ECLI:NL:RBDHA:2024:907

Rechtbank Den Haag

Datum uitspraak
26 januari 2024
Publicatiedatum
26 januari 2024
Zaaknummer
NL24.1698
Instantie
Rechtbank Den Haag
Type
Uitspraak
Procedures
  • Eerste aanleg - enkelvoudig
Vindplaatsen
  • Rechtspraak.nl
AI samenvatting door LexboostAutomatisch gegenereerd

Beoordeling van de rechtmatigheid van de maatregel van bewaring in het vreemdelingenrecht

In deze uitspraak van de Rechtbank Den Haag op 26 januari 2024, wordt het beroep van eiser tegen het voortduren van de aan hem opgelegde maatregel van bewaring beoordeeld.
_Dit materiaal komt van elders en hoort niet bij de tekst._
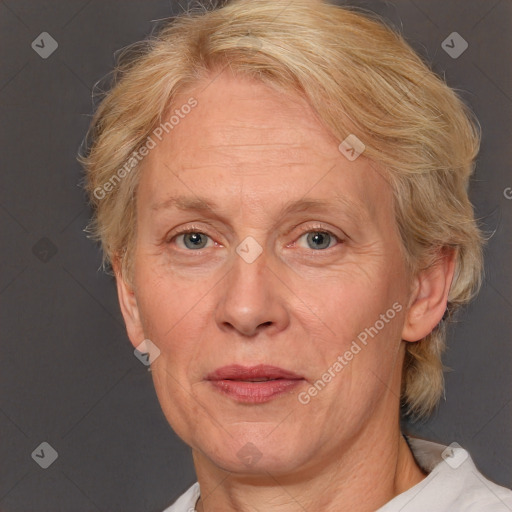 Joyful white middle-aged female with medium  brown hair and blue eyes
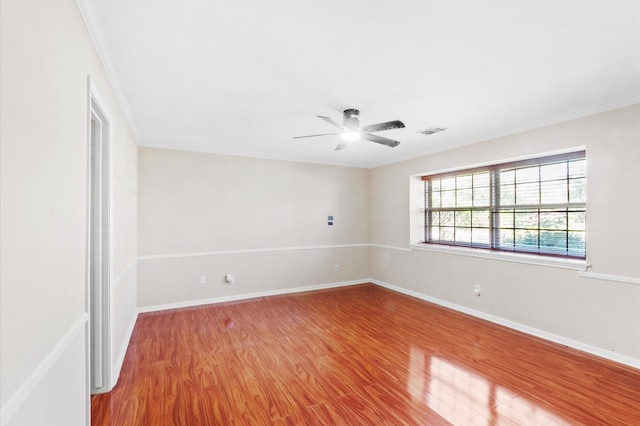 unfurnished room with a ceiling fan, visible vents, baseboards, and wood finished floors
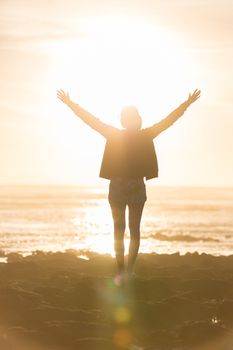 Silhouette of free woman enjoying freedom feeling happy at beach at sunset. Serene relaxing woman in pure happiness and elated enjoyment with arms raised outstretched up. 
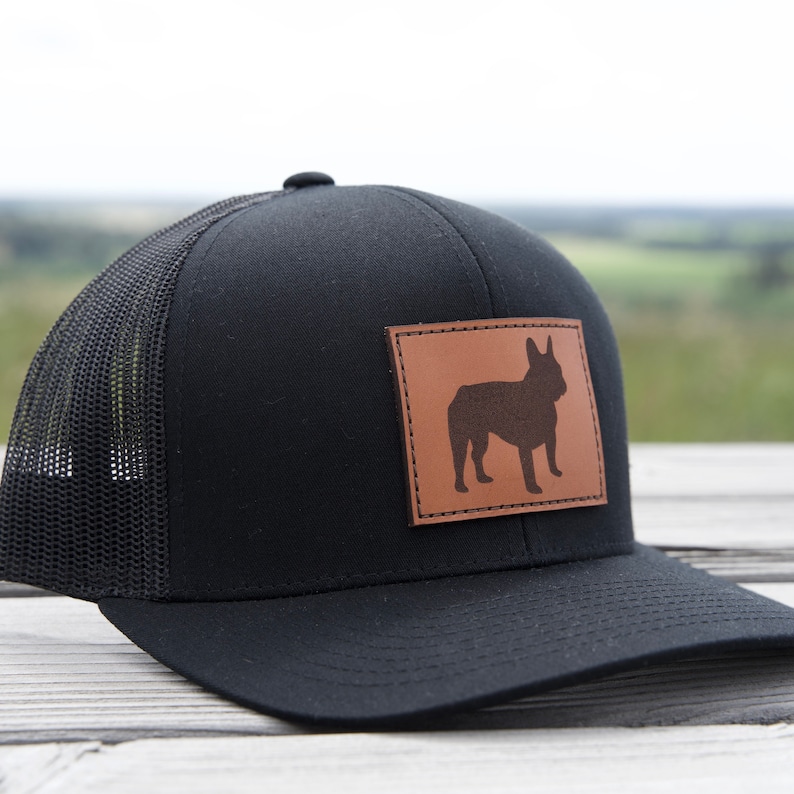Puede incluir: Gorra de camionero negra con un parche de cuero marr&oacute;n con la silueta de un bulldog franc&eacute;s. La gorra tiene una parte trasera de malla y una visera curva. El parche rectangular est&aacute; cosido en la parte delantera.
Deze maatregel is opgelegd op 6 november 2023 op basis van artikel 59, eerste lid, aanhef en onder a, van de Vreemdelingenwet 2000. Eiser, vertegenwoordigd door mr. S. Faber, heeft eerder beroep aangetekend, waarvan de uitspraken op 17 november 2023 en 20 december 2023 zijn gedaan. De rechtbank heeft het vooronderzoek gesloten op 23 januari 2024 en besloten dat een zitting niet nodig was.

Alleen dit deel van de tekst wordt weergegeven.